**YOUR GOAL**
Your task is to retype, exactly, the line containing "paco.webp paco.webp" and every later line through the end of the listing, with pictures omitted.

----

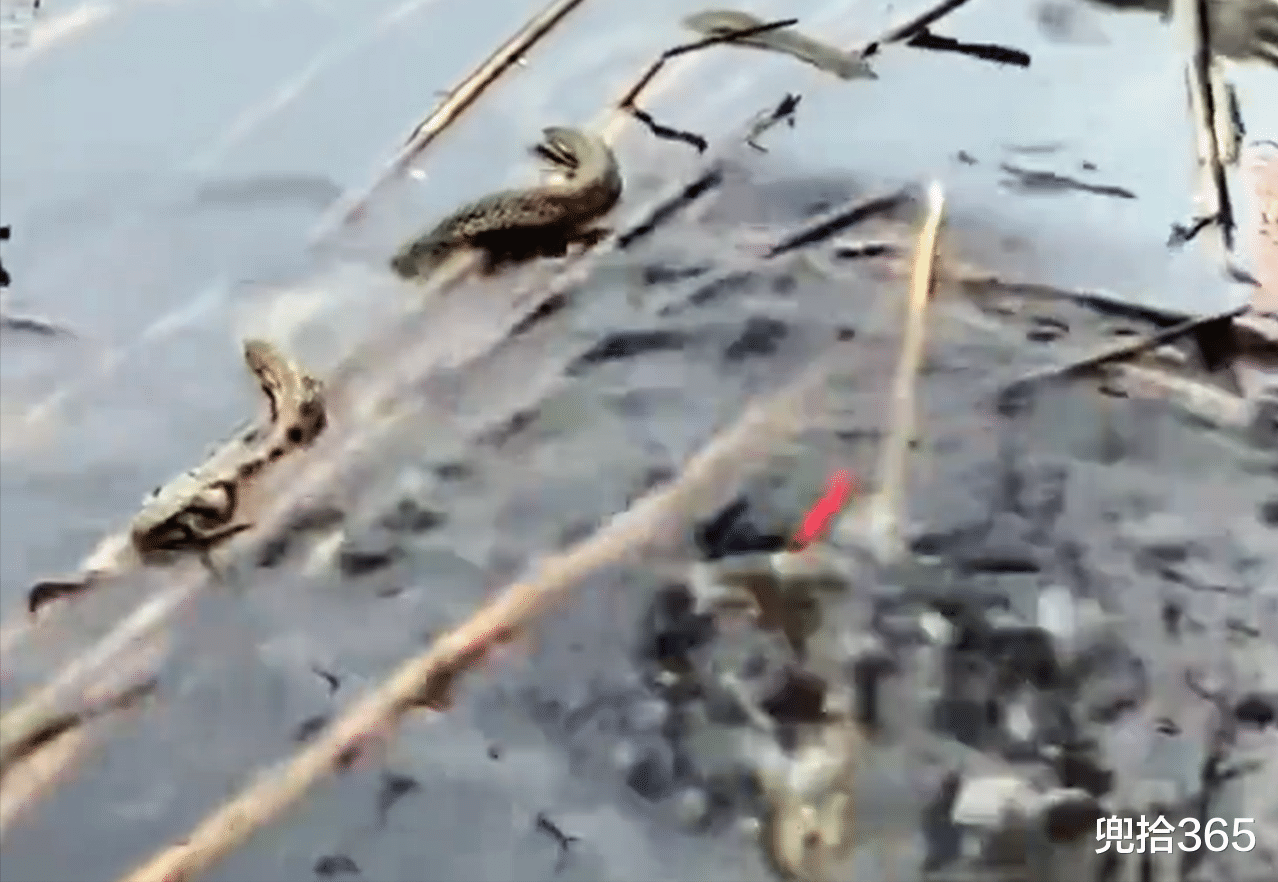 |最狠不过钓鱼人!水蛇陪着一男子垂钓,他还能淡定地拍照发帖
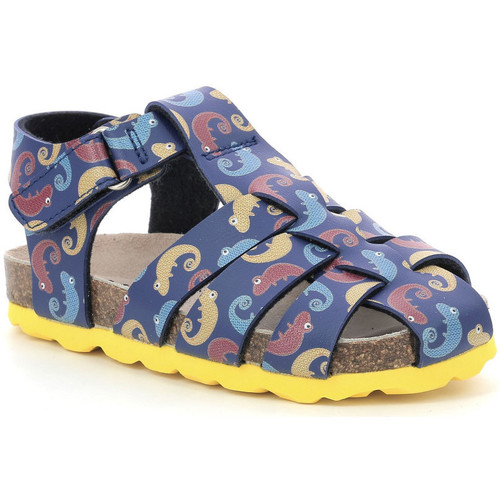 Čevlji  Dečki Sandali & Odprti čevlji Mod'8 Kourios Modra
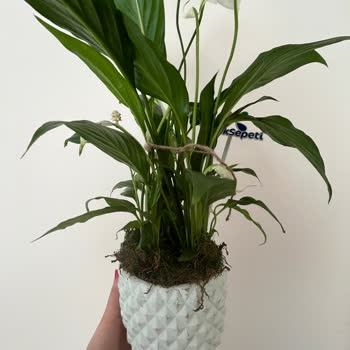 Yanıltıcı Teslimat Ve Ürün Hatası: Müşteri Hizmetlerinden Çözüm Yok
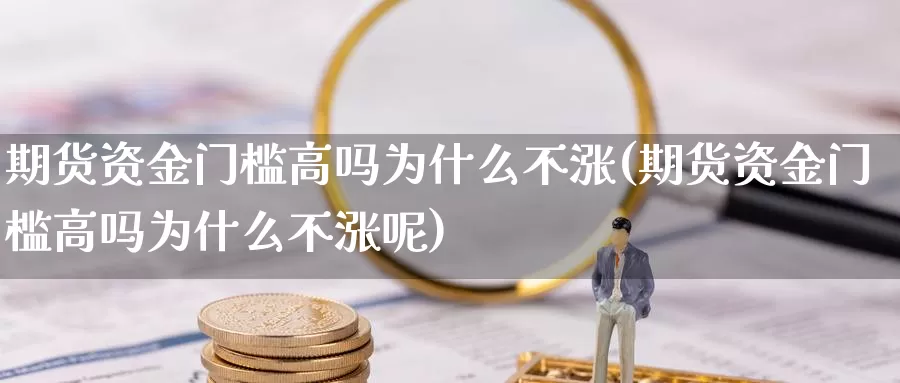 期货资金门槛高吗为什么不涨(期货资金门槛高吗为什么不涨呢)_https://www.jyxxd.com_外盘期货直播室_第1张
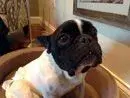 paco.webp paco.webp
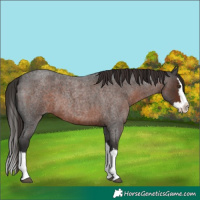 Horse Color:Liver Red Roan Splash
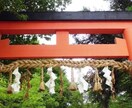 30分コース【人気No.1】本格霊視鑑定します 恋愛に特化した深い鑑定です。じっくり視てアドバイス致します。 イメージ1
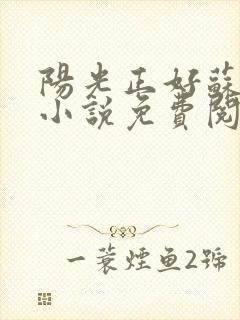 阳光正好苏玥玥小说免费阅读无弹窗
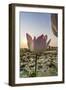 Lotus Flower (Nelumbo Nucifera), Near the Village of Kampong Tralach, Cambodia, Indochina-Michael Nolan-Framed Photographic Print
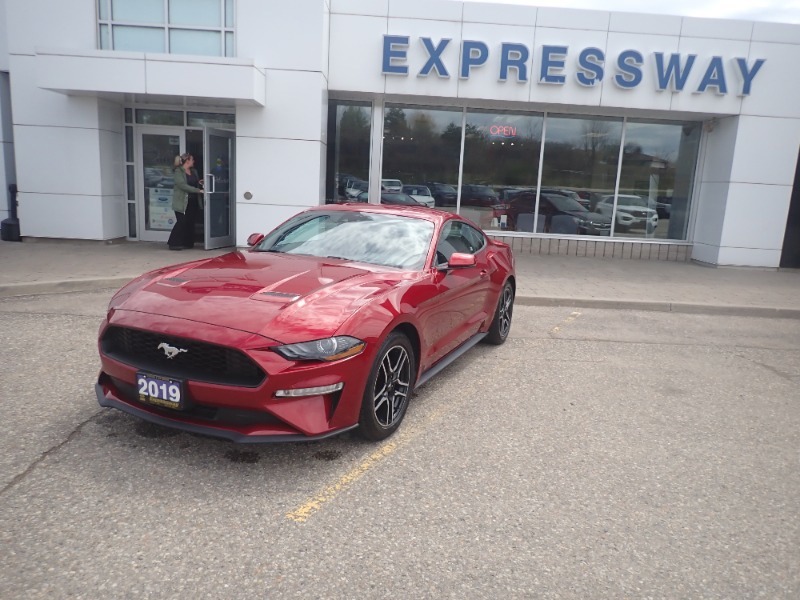 2019 Ford Mustang EcoBoost - 6speed Manual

----

**FINISHED TASK**
 paco.webp paco.webp
 Horse Color:Liver Red Roan Splash
 30分コース【人気No.1】本格霊視鑑定します 恋愛に特化した深い鑑定です。じっくり視てアドバイス致します。 イメージ1
 阳光正好苏玥玥小说免费阅读无弹窗
 Lotus Flower (Nelumbo Nucifera), Near the Village of Kampong Tralach, Cambodia, Indochina-Michael Nolan-Framed Photographic Print
 2019 Ford Mustang EcoBoost - 6speed Manual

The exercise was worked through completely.